Starting at the line that has "Futuristic look, multicultural" and stopping after the line that has "The Tristaina river", reproduce the listing below exactly; omit everything else.

==========

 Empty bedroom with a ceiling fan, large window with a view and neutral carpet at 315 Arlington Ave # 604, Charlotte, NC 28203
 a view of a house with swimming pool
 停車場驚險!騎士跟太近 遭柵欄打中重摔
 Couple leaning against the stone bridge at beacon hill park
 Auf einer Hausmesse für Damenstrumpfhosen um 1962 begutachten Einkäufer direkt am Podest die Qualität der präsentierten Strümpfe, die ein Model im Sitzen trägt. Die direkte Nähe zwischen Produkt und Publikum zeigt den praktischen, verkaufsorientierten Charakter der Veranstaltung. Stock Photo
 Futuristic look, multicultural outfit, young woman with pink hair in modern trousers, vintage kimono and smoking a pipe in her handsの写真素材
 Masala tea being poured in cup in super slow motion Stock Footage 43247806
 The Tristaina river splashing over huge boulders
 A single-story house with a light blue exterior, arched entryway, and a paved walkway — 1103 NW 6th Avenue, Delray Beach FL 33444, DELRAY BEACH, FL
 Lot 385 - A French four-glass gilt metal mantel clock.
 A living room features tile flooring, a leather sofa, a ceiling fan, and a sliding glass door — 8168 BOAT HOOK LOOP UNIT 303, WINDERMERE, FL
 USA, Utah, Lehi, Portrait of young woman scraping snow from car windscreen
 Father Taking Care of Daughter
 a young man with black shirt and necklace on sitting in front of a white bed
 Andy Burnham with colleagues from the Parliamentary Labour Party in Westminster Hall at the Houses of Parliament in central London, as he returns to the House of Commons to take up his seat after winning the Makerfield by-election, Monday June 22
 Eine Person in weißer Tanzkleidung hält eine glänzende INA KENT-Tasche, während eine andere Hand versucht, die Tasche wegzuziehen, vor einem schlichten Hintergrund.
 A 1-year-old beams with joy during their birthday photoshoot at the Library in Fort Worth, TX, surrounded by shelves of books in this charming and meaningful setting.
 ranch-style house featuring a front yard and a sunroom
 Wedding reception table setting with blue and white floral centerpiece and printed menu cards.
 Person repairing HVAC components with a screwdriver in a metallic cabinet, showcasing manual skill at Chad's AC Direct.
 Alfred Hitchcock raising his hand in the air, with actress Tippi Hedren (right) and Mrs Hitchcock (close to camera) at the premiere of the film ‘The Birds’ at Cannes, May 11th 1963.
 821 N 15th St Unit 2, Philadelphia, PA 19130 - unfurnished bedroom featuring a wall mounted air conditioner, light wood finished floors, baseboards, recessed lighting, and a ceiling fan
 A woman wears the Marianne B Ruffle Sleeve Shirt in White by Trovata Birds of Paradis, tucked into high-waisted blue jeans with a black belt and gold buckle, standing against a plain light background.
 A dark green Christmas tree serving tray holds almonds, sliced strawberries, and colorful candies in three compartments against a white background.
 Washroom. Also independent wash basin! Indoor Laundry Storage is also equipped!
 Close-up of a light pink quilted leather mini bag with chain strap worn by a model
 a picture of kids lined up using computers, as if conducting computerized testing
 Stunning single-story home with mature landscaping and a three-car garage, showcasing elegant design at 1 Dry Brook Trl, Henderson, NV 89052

==========

**Reply to the task:**
 Futuristic look, multicultural outfit, young woman with pink hair in modern trousers, vintage kimono and smoking a pipe in her handsの写真素材
 Masala tea being poured in cup in super slow motion Stock Footage 43247806
 The Tristaina river splashing over huge boulders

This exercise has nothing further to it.